**DATASET ENTRIES**
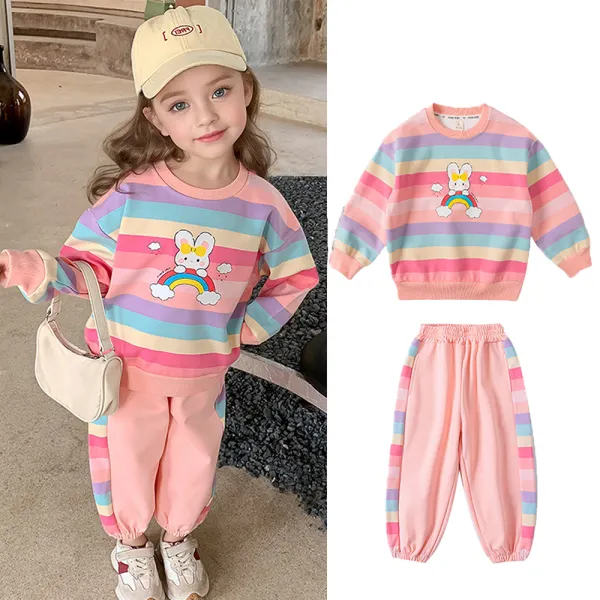 【18M-8Y】2-piece Girls Sweet Rainbow Stripe Rabbit Print Round Neck Sweatshirt And Pants Set - 34747 - Popopieshop.com 
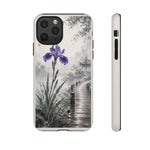 Purple Iris Rain Lakeside Phone Case Zen Art Tough Case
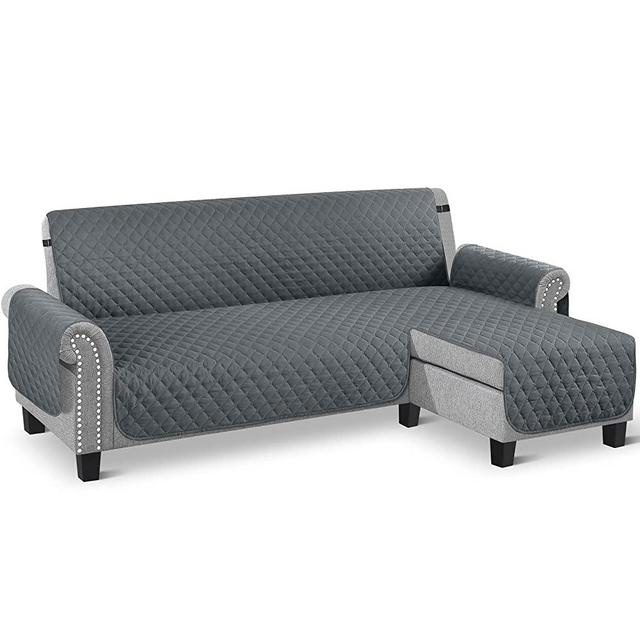TAOCOCO Couch Slipcover L Shape Sofa Cover Sectional Couch Chaise Lounge Cover Reversible Sofa Cover Furniture Protector Cover for Home Décor (Dark Grey, Small)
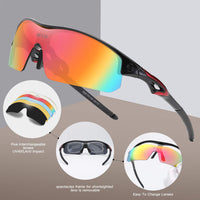 1 x RAW Customer Returns DUCO cycling glasses men and women sports glasses outdoor sunglasses for athletes with 5 interchangeable lenses UV400 0020 BLACK  - RRP €27.22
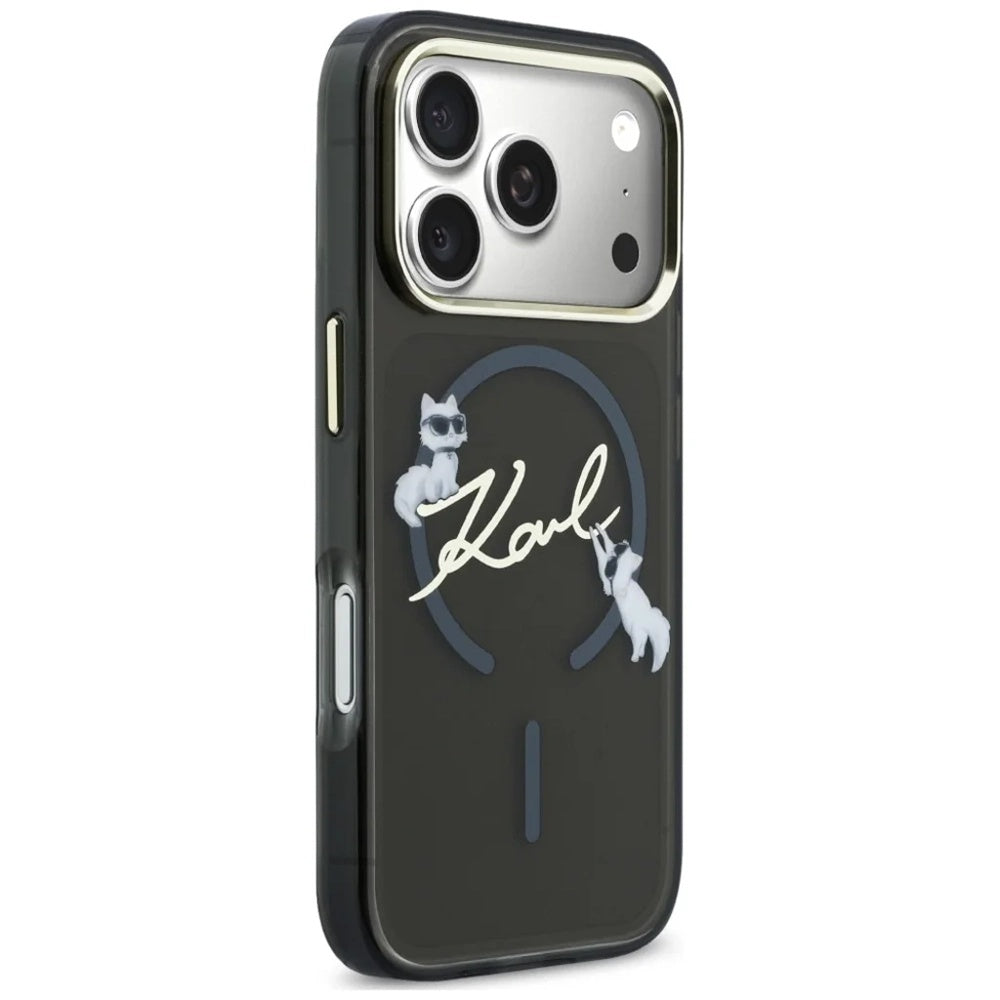 Θήκη MagSafe για Apple iPhone 18 Pro, Karl Lagerfeld, IML Choupette Karl Script Logo, Μαύρη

**EXERCISE AIM**
Only the lines from the one containing "Purple Iris Rain" through the final line of the listing should be reproduced, exactly and with no pictures.

**WRITTEN REPLY**
 Purple Iris Rain Lakeside Phone Case Zen Art Tough Case
TAOCOCO Couch Slipcover L Shape Sofa Cover Sectional Couch Chaise Lounge Cover Reversible Sofa Cover Furniture Protector Cover for Home Décor (Dark Grey, Small)
 1 x RAW Customer Returns DUCO cycling glasses men and women sports glasses outdoor sunglasses for athletes with 5 interchangeable lenses UV400 0020 BLACK  - RRP €27.22
 Θήκη MagSafe για Apple iPhone 18 Pro, Karl Lagerfeld, IML Choupette Karl Script Logo, Μαύρη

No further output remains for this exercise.